- _Task goal_
What is needed here is an exact reprint of every record below.

(Items listed in a dataset)

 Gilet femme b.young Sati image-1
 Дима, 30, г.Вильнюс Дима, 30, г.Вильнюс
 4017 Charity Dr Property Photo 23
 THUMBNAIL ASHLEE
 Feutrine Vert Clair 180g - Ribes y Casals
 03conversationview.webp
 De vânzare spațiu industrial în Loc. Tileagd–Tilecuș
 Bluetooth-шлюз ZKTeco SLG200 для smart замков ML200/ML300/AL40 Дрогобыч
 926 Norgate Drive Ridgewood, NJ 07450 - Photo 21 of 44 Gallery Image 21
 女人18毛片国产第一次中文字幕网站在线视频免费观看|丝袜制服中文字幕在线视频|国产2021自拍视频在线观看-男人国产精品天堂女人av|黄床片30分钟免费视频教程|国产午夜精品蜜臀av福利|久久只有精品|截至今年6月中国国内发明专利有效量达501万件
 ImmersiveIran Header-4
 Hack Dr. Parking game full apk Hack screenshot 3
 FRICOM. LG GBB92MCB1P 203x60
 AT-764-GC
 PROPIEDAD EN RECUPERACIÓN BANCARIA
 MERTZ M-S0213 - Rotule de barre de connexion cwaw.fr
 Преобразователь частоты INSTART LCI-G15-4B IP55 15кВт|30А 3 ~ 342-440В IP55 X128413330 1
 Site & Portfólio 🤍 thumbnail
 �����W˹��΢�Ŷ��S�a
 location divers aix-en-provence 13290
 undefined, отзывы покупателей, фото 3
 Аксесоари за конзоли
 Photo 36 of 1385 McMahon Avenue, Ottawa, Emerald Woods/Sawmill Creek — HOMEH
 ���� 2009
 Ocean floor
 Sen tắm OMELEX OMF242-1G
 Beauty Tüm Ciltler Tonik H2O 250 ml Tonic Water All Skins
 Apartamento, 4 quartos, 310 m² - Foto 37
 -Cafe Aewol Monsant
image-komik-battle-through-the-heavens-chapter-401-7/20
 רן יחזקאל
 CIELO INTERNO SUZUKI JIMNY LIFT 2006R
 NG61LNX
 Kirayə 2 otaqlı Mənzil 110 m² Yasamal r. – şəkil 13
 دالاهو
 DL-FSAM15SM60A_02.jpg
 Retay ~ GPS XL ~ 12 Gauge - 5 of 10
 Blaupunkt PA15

- _Result below_
 Gilet femme b.young Sati image-1
 Дима, 30, г.Вильнюс Дима, 30, г.Вильнюс
 4017 Charity Dr Property Photo 23
 THUMBNAIL ASHLEE
 Feutrine Vert Clair 180g - Ribes y Casals
 03conversationview.webp
 De vânzare spațiu industrial în Loc. Tileagd–Tilecuș
 Bluetooth-шлюз ZKTeco SLG200 для smart замков ML200/ML300/AL40 Дрогобыч
 926 Norgate Drive Ridgewood, NJ 07450 - Photo 21 of 44 Gallery Image 21
 女人18毛片国产第一次中文字幕网站在线视频免费观看|丝袜制服中文字幕在线视频|国产2021自拍视频在线观看-男人国产精品天堂女人av|黄床片30分钟免费视频教程|国产午夜精品蜜臀av福利|久久只有精品|截至今年6月中国国内发明专利有效量达501万件
 ImmersiveIran Header-4
 Hack Dr. Parking game full apk Hack screenshot 3
 FRICOM. LG GBB92MCB1P 203x60
 AT-764-GC
 PROPIEDAD EN RECUPERACIÓN BANCARIA
 MERTZ M-S0213 - Rotule de barre de connexion cwaw.fr
 Преобразователь частоты INSTART LCI-G15-4B IP55 15кВт|30А 3 ~ 342-440В IP55 X128413330 1
 Site & Portfólio 🤍 thumbnail
 �����W˹��΢�Ŷ��S�a
 location divers aix-en-provence 13290
 undefined, отзывы покупателей, фото 3
 Аксесоари за конзоли
 Photo 36 of 1385 McMahon Avenue, Ottawa, Emerald Woods/Sawmill Creek — HOMEH
 ���� 2009
 Ocean floor
 Sen tắm OMELEX OMF242-1G
 Beauty Tüm Ciltler Tonik H2O 250 ml Tonic Water All Skins
 Apartamento, 4 quartos, 310 m² - Foto 37
 -Cafe Aewol Monsant
image-komik-battle-through-the-heavens-chapter-401-7/20
 רן יחזקאל
 CIELO INTERNO SUZUKI JIMNY LIFT 2006R
 NG61LNX
 Kirayə 2 otaqlı Mənzil 110 m² Yasamal r. – şəkil 13
 دالاهو
 DL-FSAM15SM60A_02.jpg
 Retay ~ GPS XL ~ 12 Gauge - 5 of 10
 Blaupunkt PA15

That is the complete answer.